I've always dreaded January 1—that designated day for setting goals and making resolutions. Sure, I know well enough to focus on positive intentions and to approach my resolutions as invitations to healthy change. But after taking a New Year's inventory of the many self-improvement projects I think I need, I usually just end up feeling deflated.
I'd like to lose weight, and I berate myself for not having already dropped some of my excess baggage. Waking up with a headache—hey, last night was New Year's Eve!—I vow to stop after just one glass of wine. Looking around my cluttered house, I commit to getting organized and to buying less stuff. That would surely help me stay on budget—but, wait, what budget? Another item for my New Year's to-do list. That and maybe I should resolve to toughen up and learn to parent my wild kid. I solemnly pledge to turn to my yoga practice to help me keep it all in balance—a reminder that I haven't unrolled my mat in weeks.
After an hour of introspection, I feel terrible. Worse than terrible: I'm overwhelmed by all the changes that should be made and disgusted with myself that another year has passed and I still haven't mustered the willpower to get control over my life. My inner mean girl is doing her thing. "Why even bother?" she asks. "You're such a mess!" Ugh.
Kelly McGonigal, PhD, has heard all this before. Most of us, she explains, are trying to browbeat ourselves toward some imaginary better future. Then we're surprised when all that inner tough love doesn't work. We feel like failures, unable to enact even the smallest or most beneficial of changes.

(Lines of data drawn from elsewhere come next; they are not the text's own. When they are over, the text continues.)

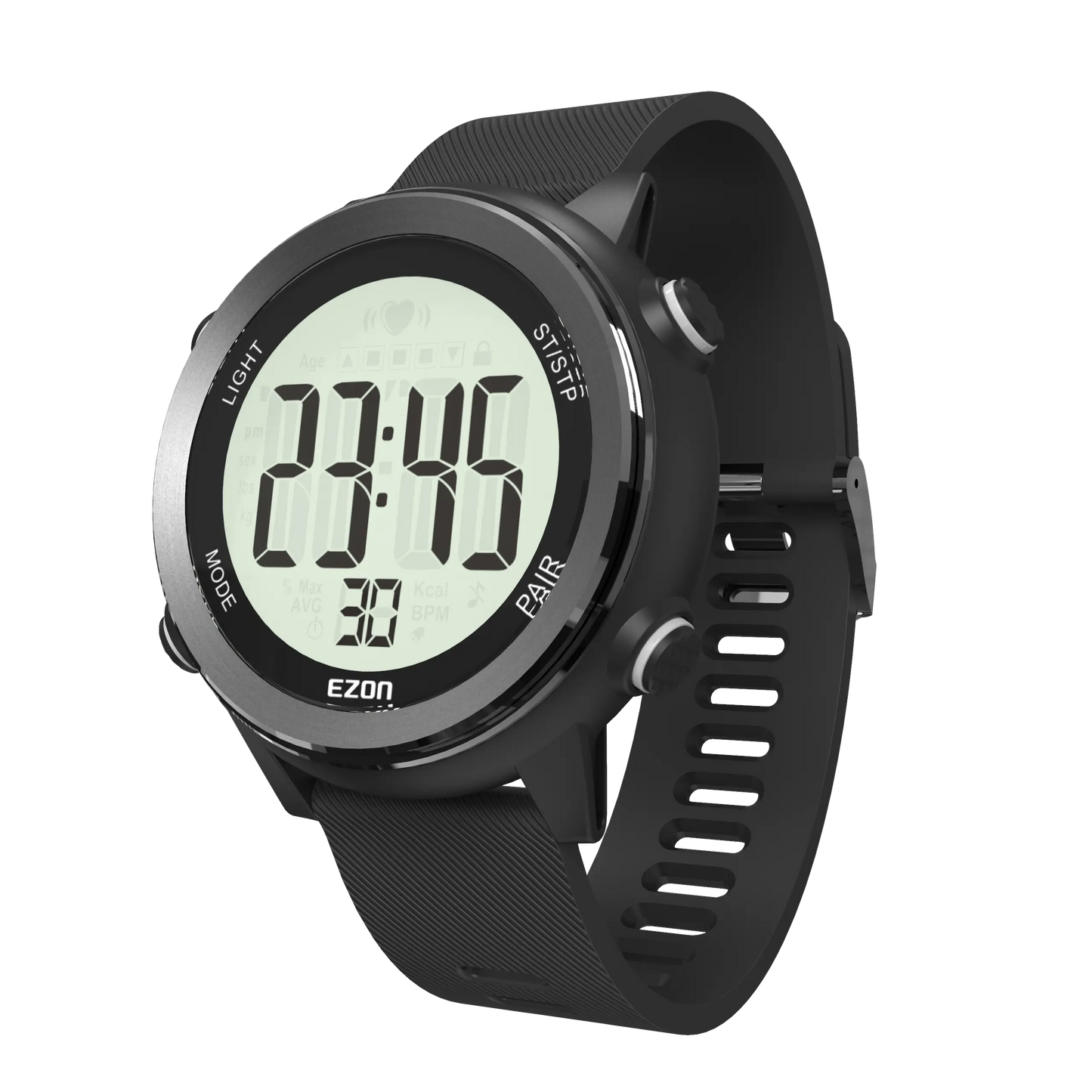EZON T057 Men's Heart Rate Monitor Running Digital Watch Alarm Chronograph Calorie Counter Sport Watch with Chest Strap - EZON Watch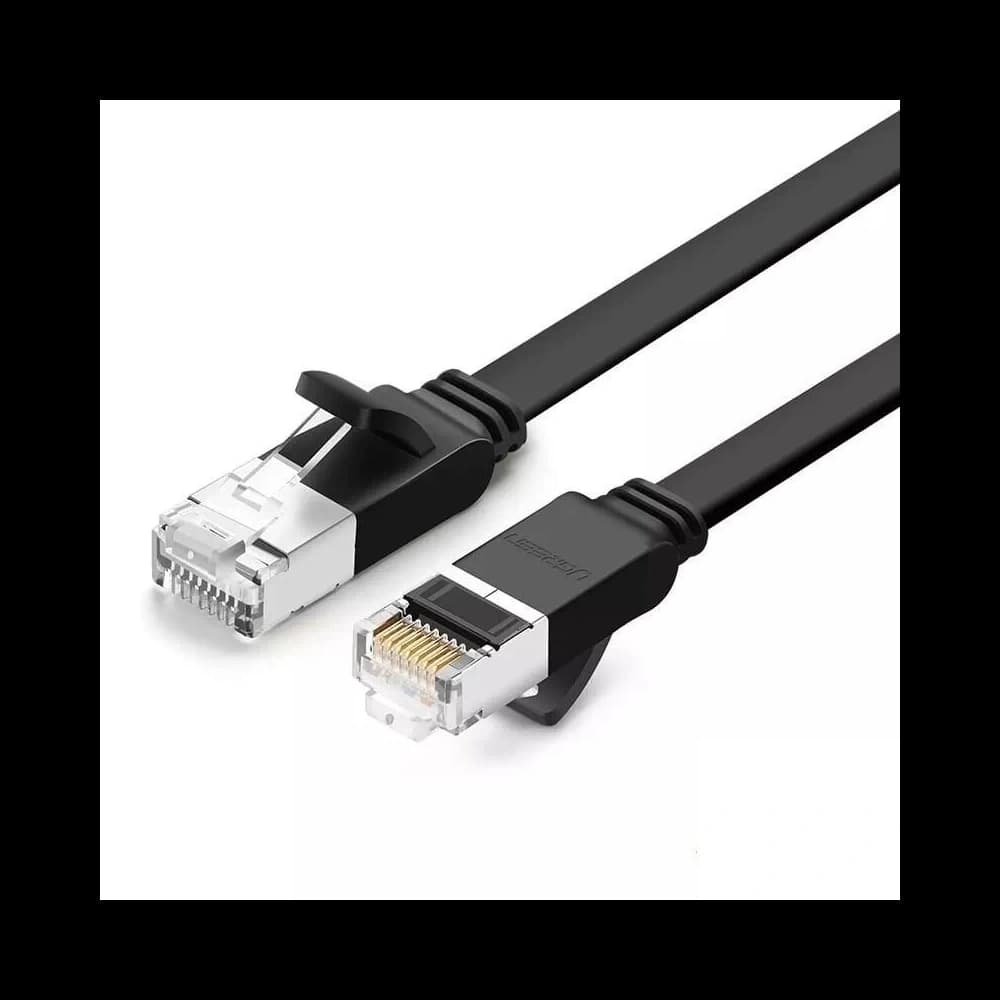 UGREEN flaches Netzwerkkabel mit Metallsteckern, Ethernet RJ45, Kat.6, UTP, 10m (schwarz) - 1
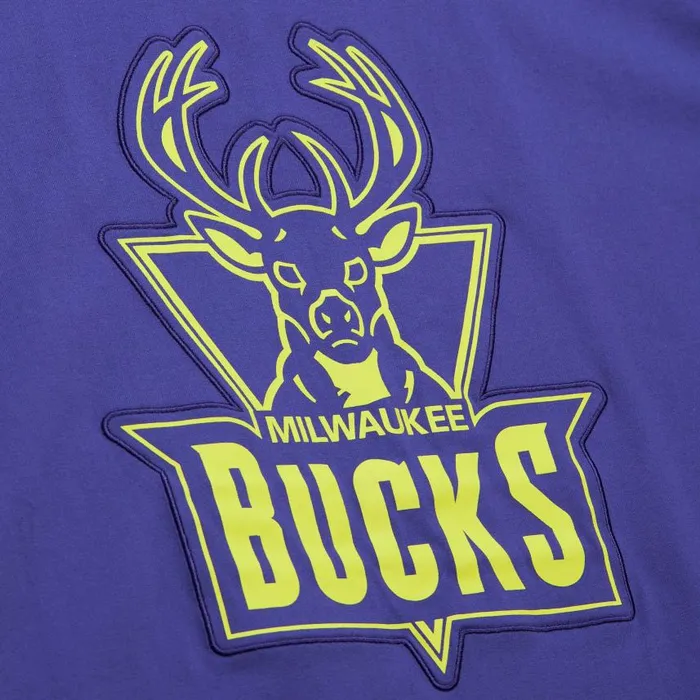 Mitchell and Ness Neon Nights SS Premium Tee Milwaukee Bucks Men TShirts and Tops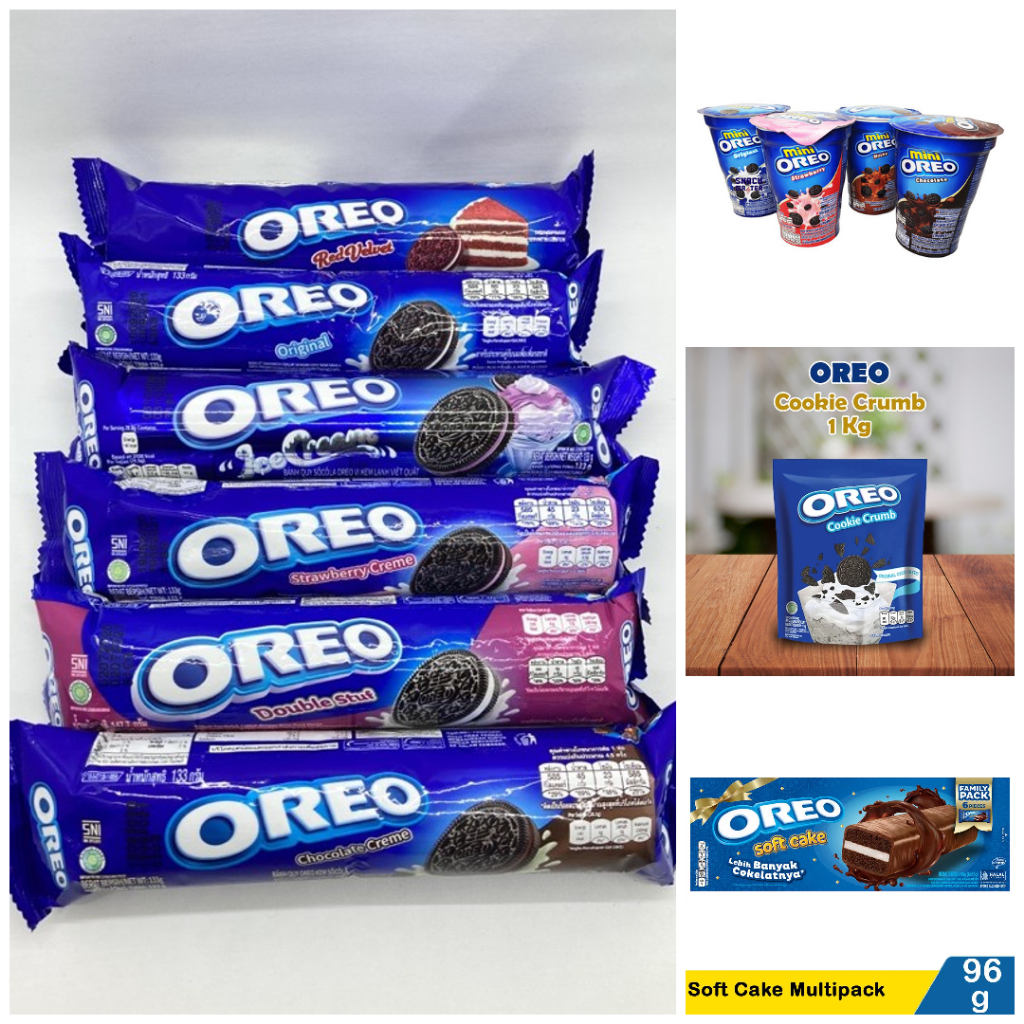 

oreo varian kemasan rasa cookie crumble remahan biskuit wafer original bahan kue cake mix halal cod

"The problem is that we are choosing things to focus on that we perceive we need to fix or that others think we need to fix, and we feel bad for not having already fixed them," explains McGonigal, a yoga teacher and instructor in psychology at Stanford University and the author of The Willpower Instinct. "Any resolution you make (that is) motivated by shame is a fundamental rejection of what is true right now. It cannot work."
McGonigal has made a rigorous study of the subject, reviewing hundreds of scientific studies conducted by psychologists and researchers that look at why we choose to do the things that we do (even when we know they may not be in our best interest); how conscious we are of our behavior; what motivates change; and—perhaps most important—how to make changes that will stick. In the process of her review, what became clear is that if we want to make significant change, we need a radical approach.
Train Your Brain
You may feel powerless in the face of chocolate or online shoe stores—but you're not. Willpower is something we all have, McGonigal says, even if you don't always feel it. Understanding how willpower works will help you harness and strengthen it.
"The brain has three systems it uses to engage willpower. I call them 'I will' power, 'I won't' power, and 'I want' power," McGonigal explains. "They are aspects of the prefrontal cortex, the executive center of the brain, and they are what allow us to override the more primitive desires of the midbrain, which are always motivated by immediate reward or avoidance of pain."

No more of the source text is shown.